TASK TO COMPLETE
Please retype the records below exactly, from the first line through the line containing "Photo 13 of Prinses Irenestraat 30", and leave out any pictures.

(INFORMATION PROVIDED Opens)

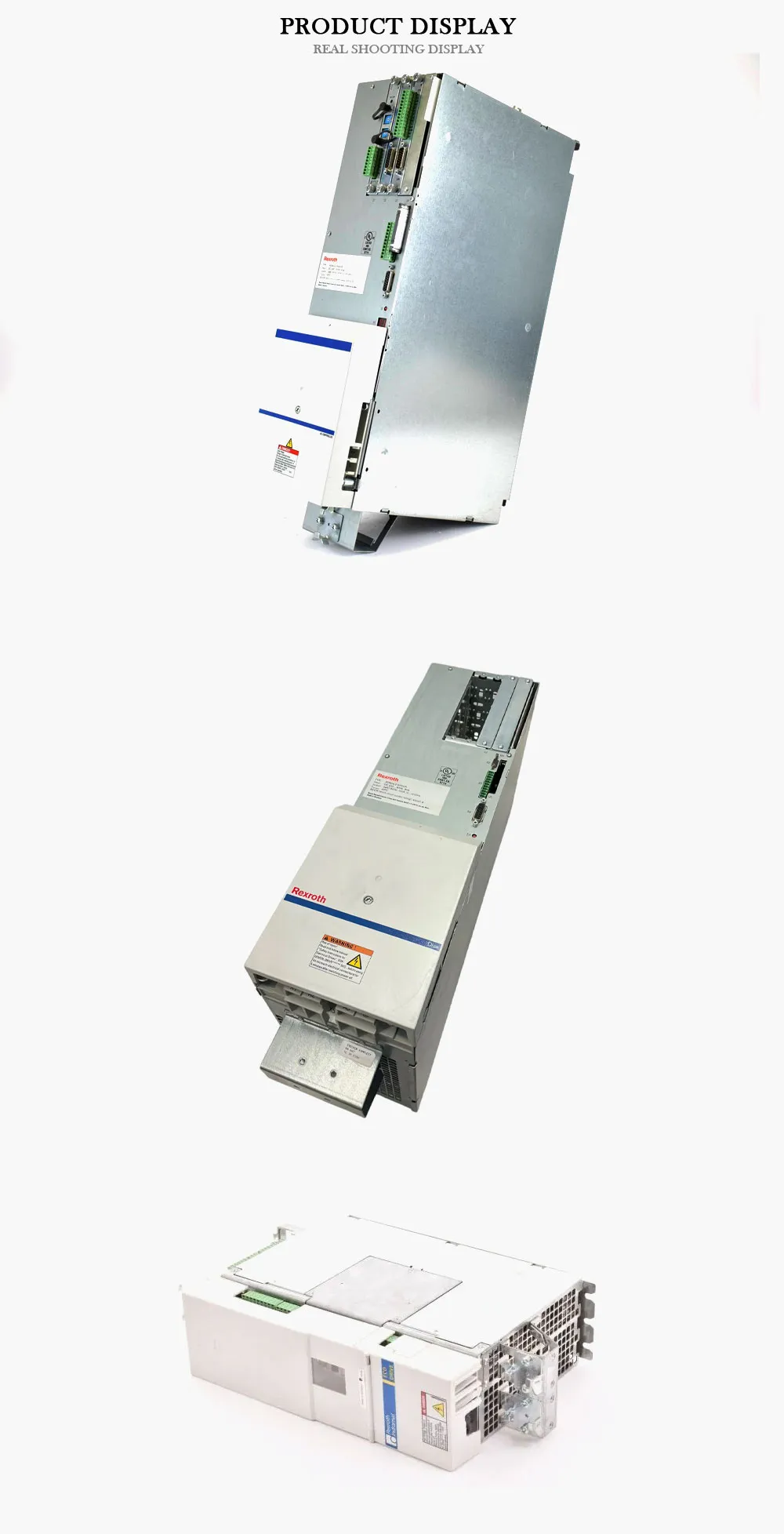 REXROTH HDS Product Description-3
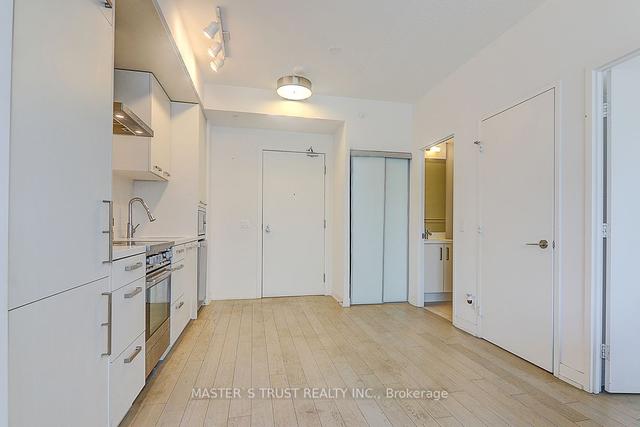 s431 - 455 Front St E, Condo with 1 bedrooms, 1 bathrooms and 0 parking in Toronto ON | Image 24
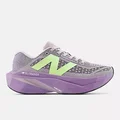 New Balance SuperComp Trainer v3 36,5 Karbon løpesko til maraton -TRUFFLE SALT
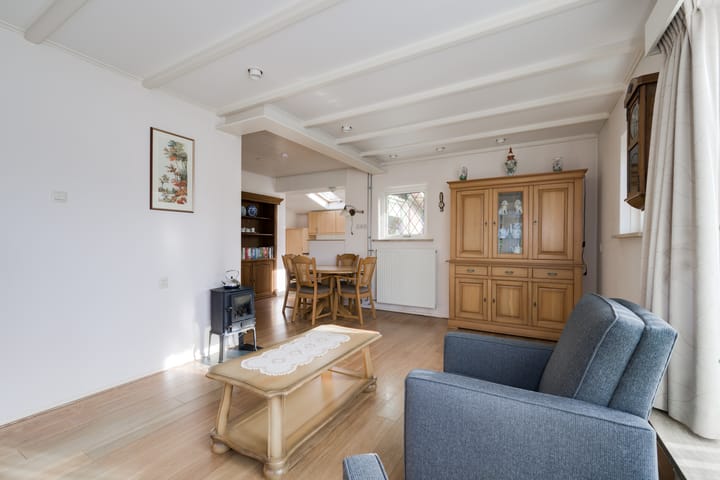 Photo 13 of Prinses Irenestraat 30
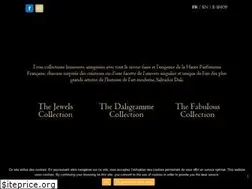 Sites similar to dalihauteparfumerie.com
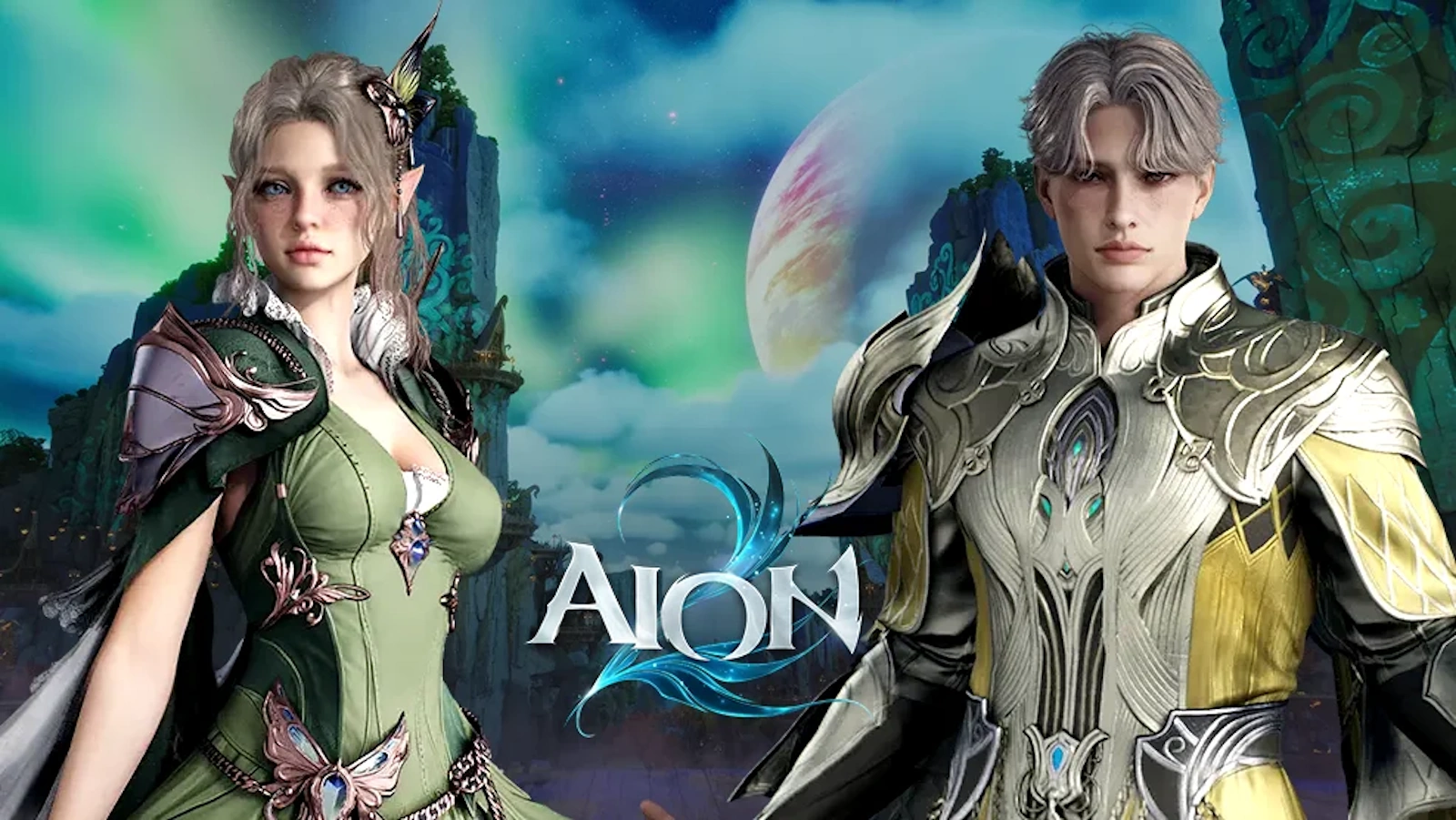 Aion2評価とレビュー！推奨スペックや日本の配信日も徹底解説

(INFORMATION PROVIDED Closes)

OUTPUT BELOW
 REXROTH HDS Product Description-3
 s431 - 455 Front St E, Condo with 1 bedrooms, 1 bathrooms and 0 parking in Toronto ON | Image 24
 New Balance SuperComp Trainer v3 36,5 Karbon løpesko til maraton -TRUFFLE SALT
 Photo 13 of Prinses Irenestraat 30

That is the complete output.